Where the date of the offense charged was November 4, 1918, and the prosecutrix testified that an act of intercourse took place on such date, and no mention was made by her of any other occurrence between herself and her father, but it developed on cross and re-examination that another act of intercourse with defendant occurred in January, 1919, and this was also testified to by another State's witness. and the State thereupon elected to rely for a conviction upon the act of November 4, 1918, under a proper charge limiting same to that date, there was no error in refusing a requested charge that the jury couid not consider, for any purpose, the evidence of the other act of intercourse.
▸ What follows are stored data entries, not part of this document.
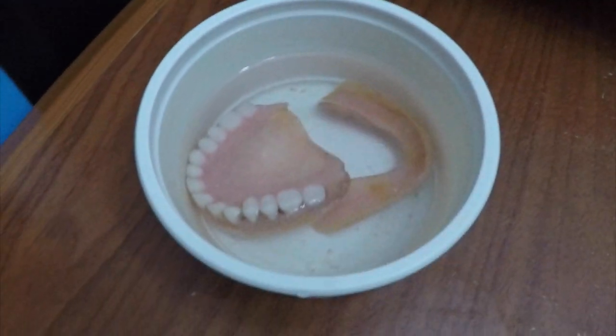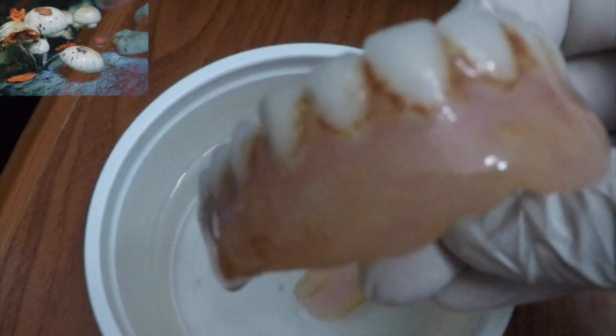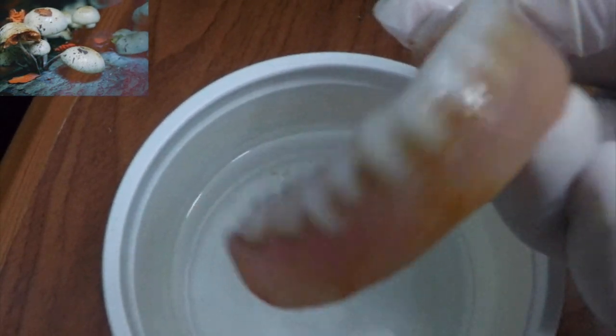We are demonstrating using a denture which is around 25 years old. This patient has been ill for quite some time and the denture was not maintained. There is a lot of external growth seen on the denture, which is totally unhealthy for the patient. Before the patient can resume wearing the dentures, it is advised that both the upper and lower dentures are cleansed. Microscopic growth is evident on this particular denture.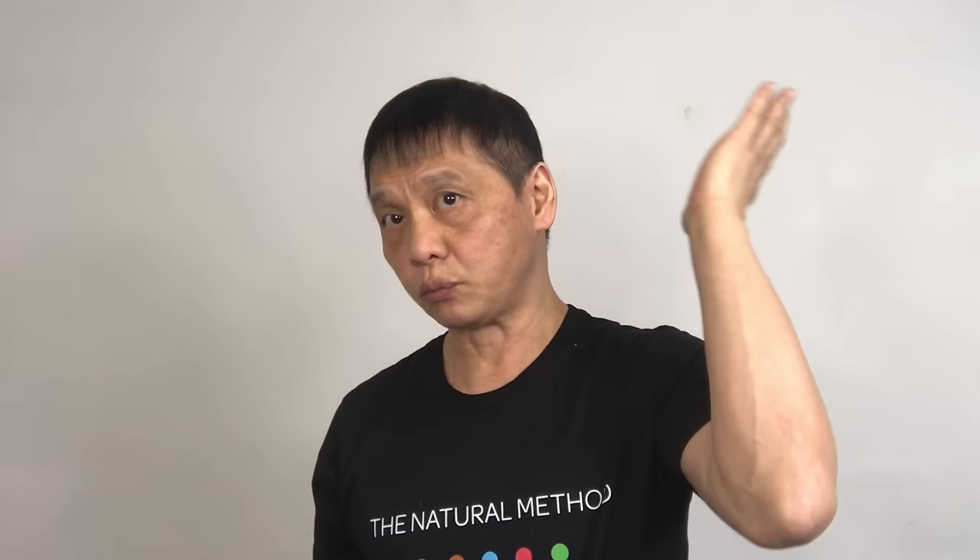And relax. With your left palm onto your left ear and push it in. If you are doing it correctly, you will hear a rumbling ring and feel a suction feeling. 1, 2, 3, 4, 5, 6, 7, 8, 9, 10. Right palm onto your right ear.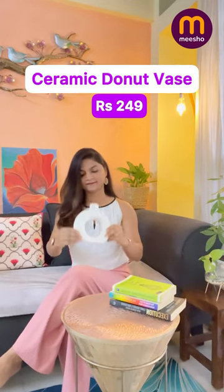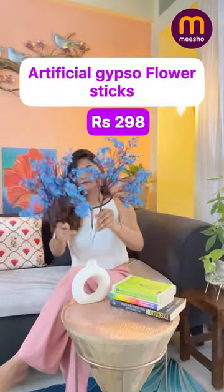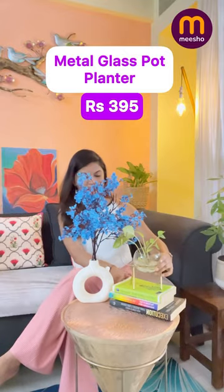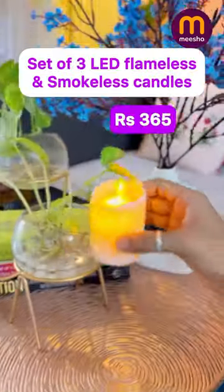Let's style this coffee table. Stack a few books and add a ceramic donut vase to give some texture. Now add some artificial gypsophila to give some height, and add glass planters with something living to add some dimension. Place LED flameless and smokeless candles to enhance the look.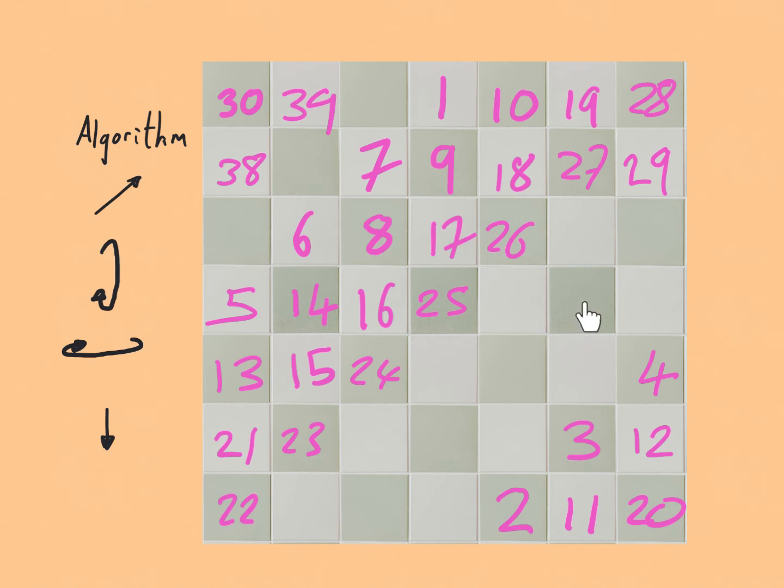The next diagonal is taken so we come below 42 to place 43. Then 44, 45, 46, 47, 48 and 49 complete the grid.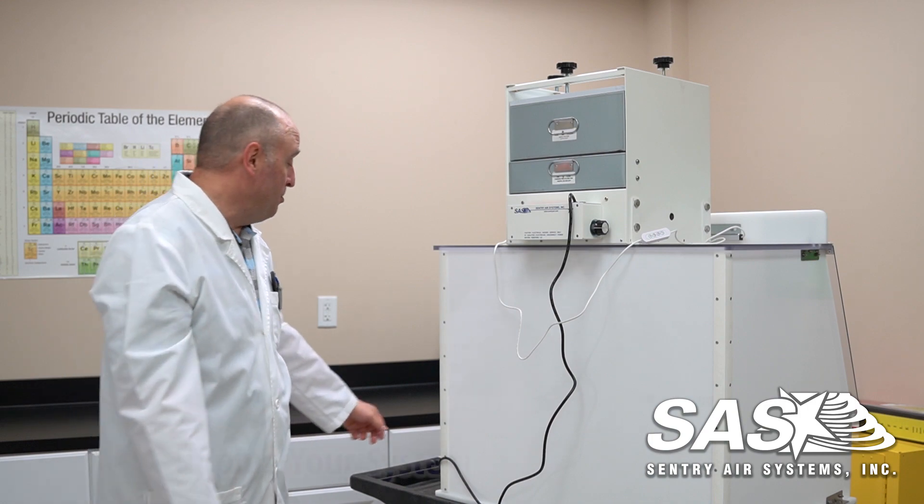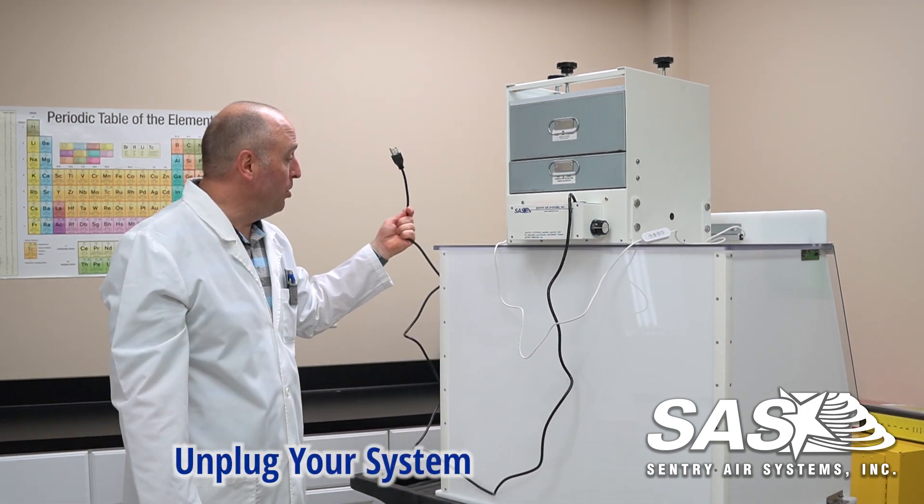Hello, I'm Seth and here at Central Air Systems today we're going to go over how we change out our filters. First thing you want to do for safety is make sure that you have the hood and your equipment unplugged.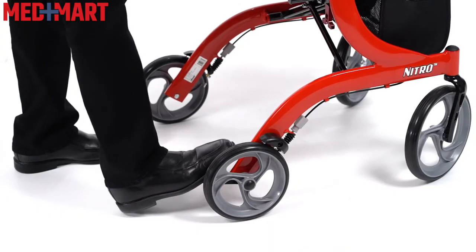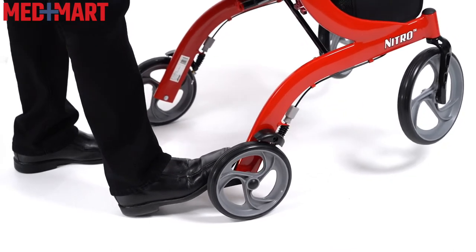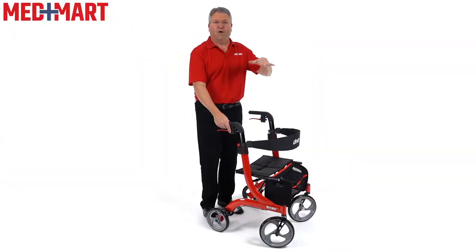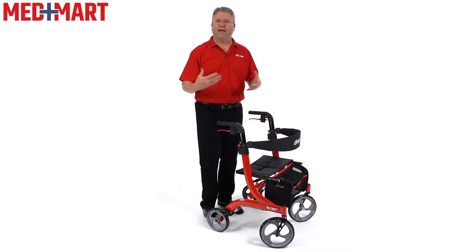Combined with a little footstep in the back, you can push down on that and it makes it easier to lift the front end of the rollator up for getting over small bumps, small curbs, things like that. So in combination, it's a very smooth rollator and it's easy to use.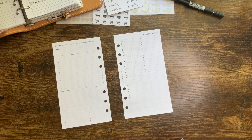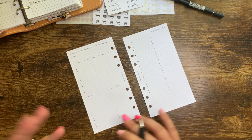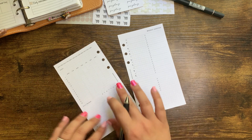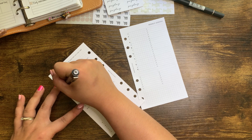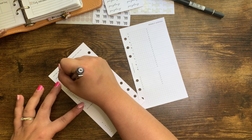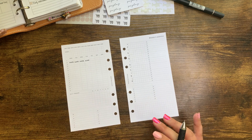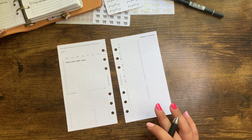The first thing I want to do is fill in the daily schedule things. My schedules don't really change, so I'm just going to fill in what is going on. I work about 7:30 to 3:30, so I'm just going to do 8 to 3 on here and write 'work' in each of these columns — except for Friday, because I have something and I'm using PTO.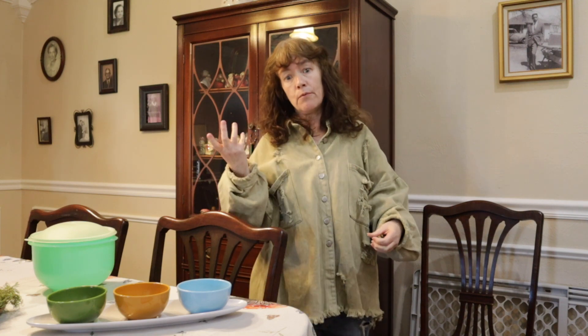Hey guys, welcome back to LS Vintage Design. I'm Lisa. How's everyone doing today? I hope you are having an amazing day. It's a beautiful late March day. Today we are here to talk about how you can tell the difference between vintage and repop, and I have a lot of examples for you, so let's just jump in.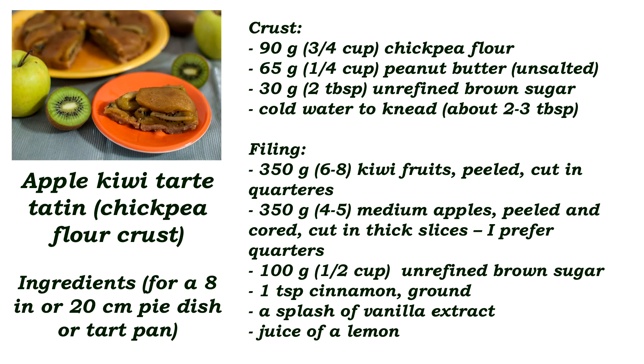Today I have another recipe for you and it's a sweet one. I think you were expecting it because as I said in the grocery haul video, I have something with some of the products I bought then. I made some peanut butter with the peanuts and I made an apple kiwi tart tatin with a chickpea flour crust — it's a mouthful to say, but it's even better to eat it. Let's see how I did it.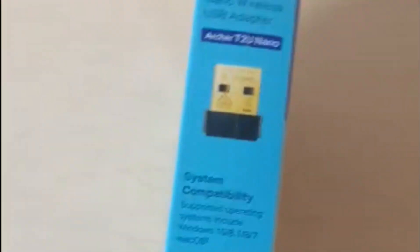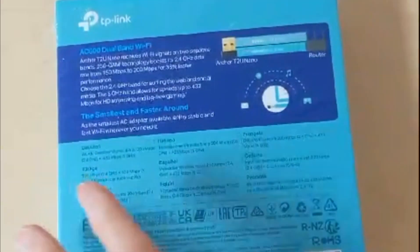This is a USB WiFi adapter for high speed WiFi internet connection. This one is TP-Link's AC600 nano size and is compatible with both 2.4GHz and 5GHz connections.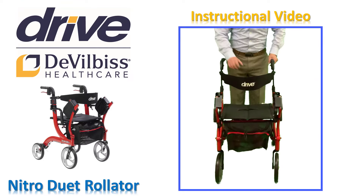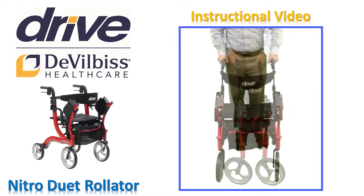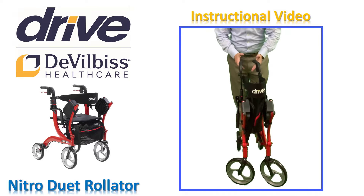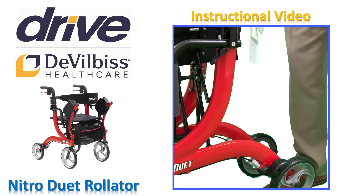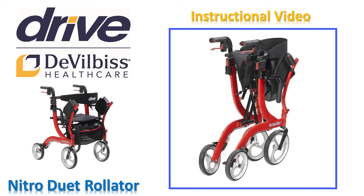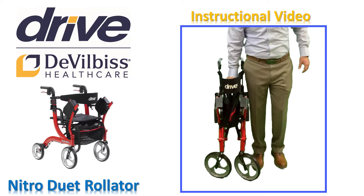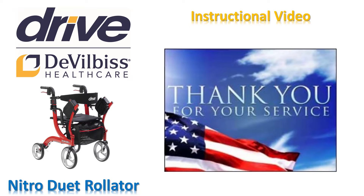When you are finished using your Nitro Duet, you can close the rollator for storage while not in use. To fold, pull the seat upwards by the handle strap in the middle of the seat. The Nitro Duet can be folded completely and securely by pushing the hand grips together. An audible click confirms that the under-seat locking mechanism is engaged and the Nitro Duet is locked into the folded position. See how little space your Nitro Duet takes up when folded. Thank you for your service and enjoy your freedom and mobility for many years to come with your Nitro Duet Rollator by Drive to Vilbis Healthcare.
Following Bradshaw v. State, 82 Texas Crim. Rep., 351.

3.-Same-Other Acts of Intercourse-Evidence.

If evidence of other acts of carnal intercourse fairly tends to shed light upon any controverted issue in the case on trial, it is not a valid objection thereto that it tends to show that the accused was guilty of another offense than the one on trial. Following Battles v. State, 63 Texas Crim. Rep., 147, and other cases.

4.-Same-Case Stated-Other Acts of Intercourse-Practice in Trial Court.

Where defendant by cross-examination of prosecutrix and by the introduction of evidence contradictory of that given by her sought to destroy the State's case as to the acts of intercourse alleged in the indictment, and denied such intercourse, there was no error in admitting as evidence that after such act of intercourse another act of intercourse was indulged in. shortly thereafter.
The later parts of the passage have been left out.